Matthaios Mavrogordatos in 1880 took over the direction of his uncle’s business firm D.A. Negropontis. At the same time, he ran a shipping company, active in Don and the Azov Sea. In 1903 he moved to Rostov together with his wife Alexandra Ranter, daughter of Arnold Ranter and Maria Semkov (1878-1911), and their son Kostantinos. Rostov was the place where three years later their daughter Eleni was born. In Rostov Matthaios Mavrogordatos founded the "Banque d’ Escompte de S. Petersburg", active in credit for the rural sector and the financing of commerce. Further to that activity he took over the management of the "Banque Russo-Assiatique" that disposed of 176 branches in the European and Asiatic Russia. Matthaios served as president of the Greek communities in Taganrog and Rostov after 1903, as well as consul of Greece in Taganrog, and contributed to the foundation of an educational establishment and a church in Rostov.
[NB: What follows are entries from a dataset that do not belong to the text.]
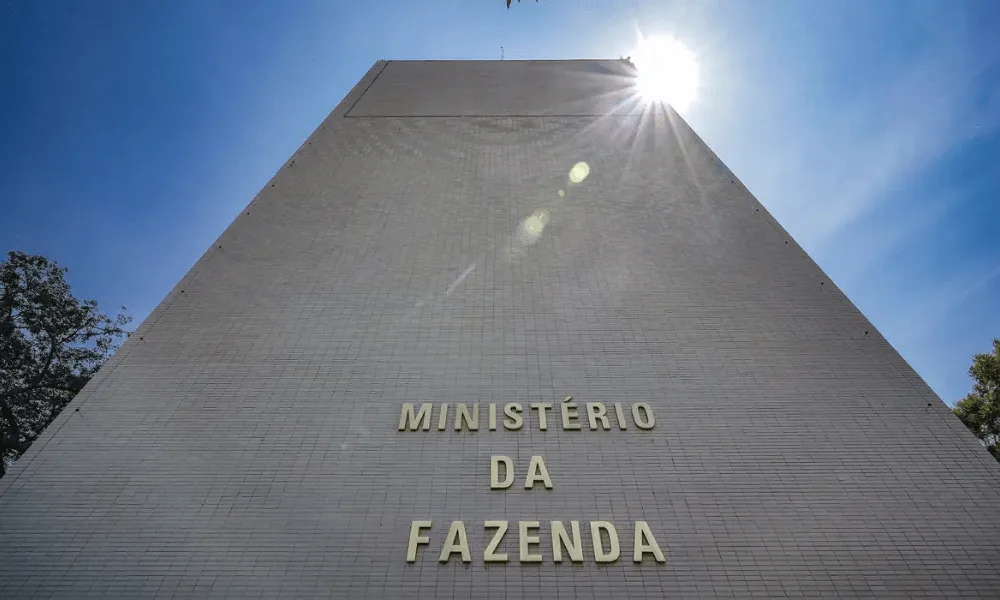 Equipe econômica prevê R$ 133,8 bilhões em investimentos no Orçamento de 2027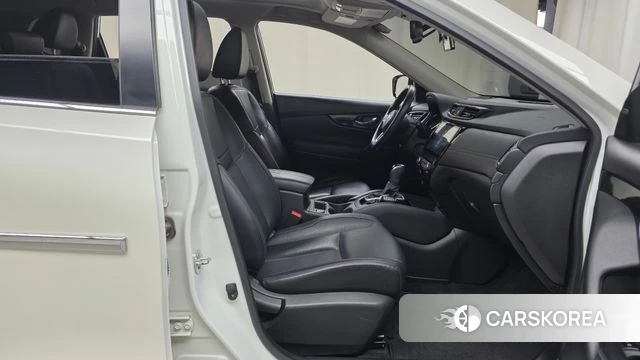 Nissan X Trail 2018 Белый из Кореи, фото 2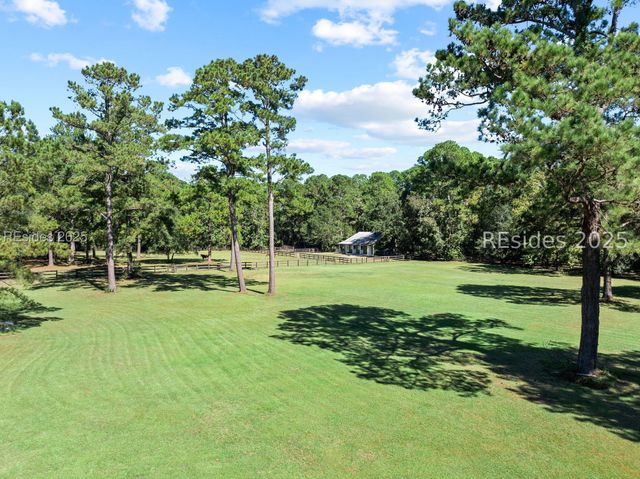 21 Straight Rd, Okatie, SC 29909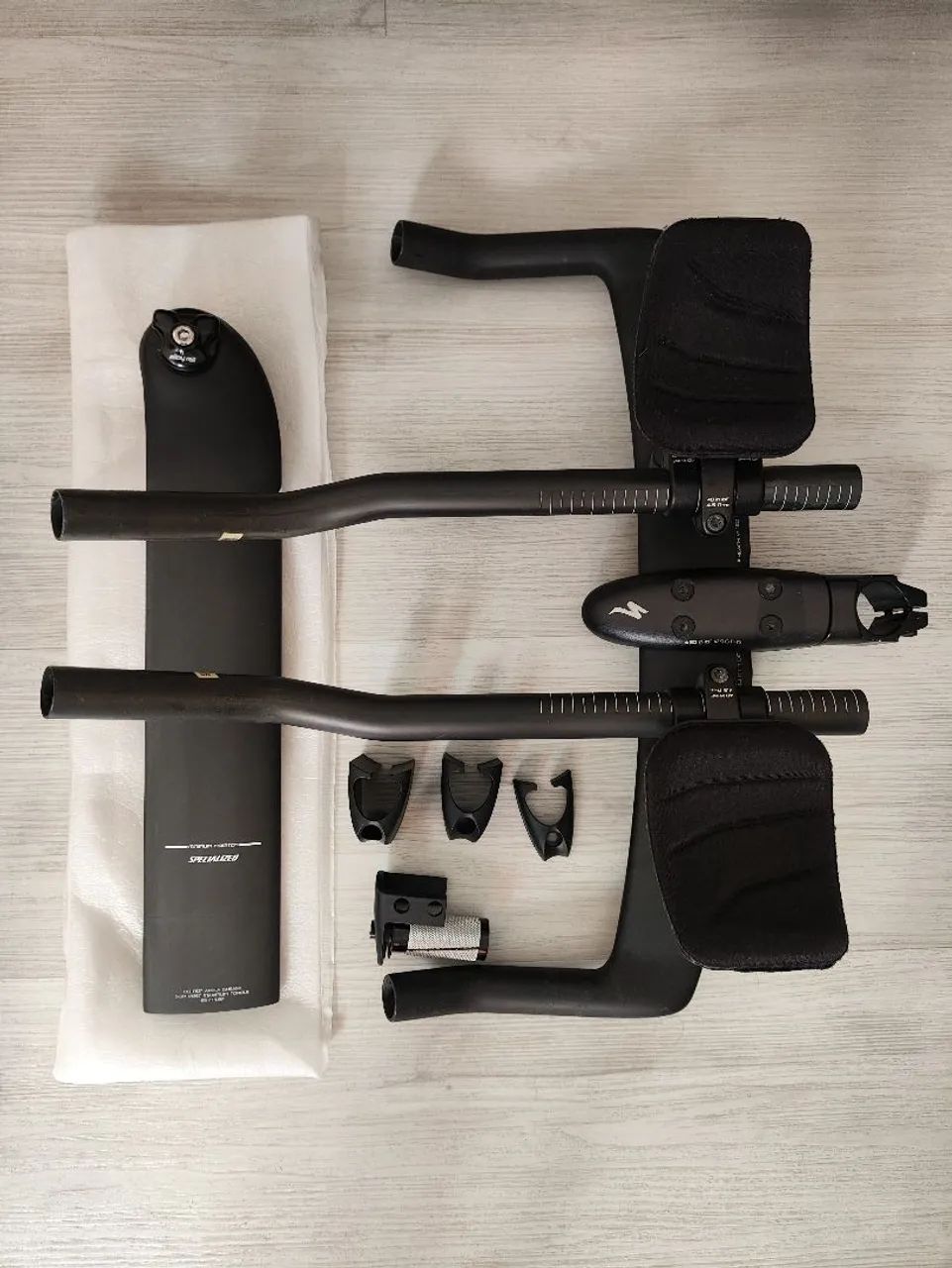 Guidão Specialized Aerobar Carbono e Mesa Aero 420mm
He wrote musical compositions, published musical studies and reviews and set Solomos and Drosinis’ poems to music.

His son, Konstantinos Mavrogordatos, was born in Taganrog in 1901 and got married to Aliki de Yacoubenko Fechoz in 1926. They gave birth to a son, Alexandros Alexios Matthaios Mavrogordatos, who was born in Paris in 1929. Their daughter, Eleni, was born in 1906 in Rostov and got married in Casablanca in 1933 to Renato Ferracciu. This branch of Mavrogordatos’ family left Rostov and tried to seek their fortune in western Europe.




1. Argentis, P.,  Libro d’ oro de la noblesse de Chio 1 (London 1955), pp.83-86.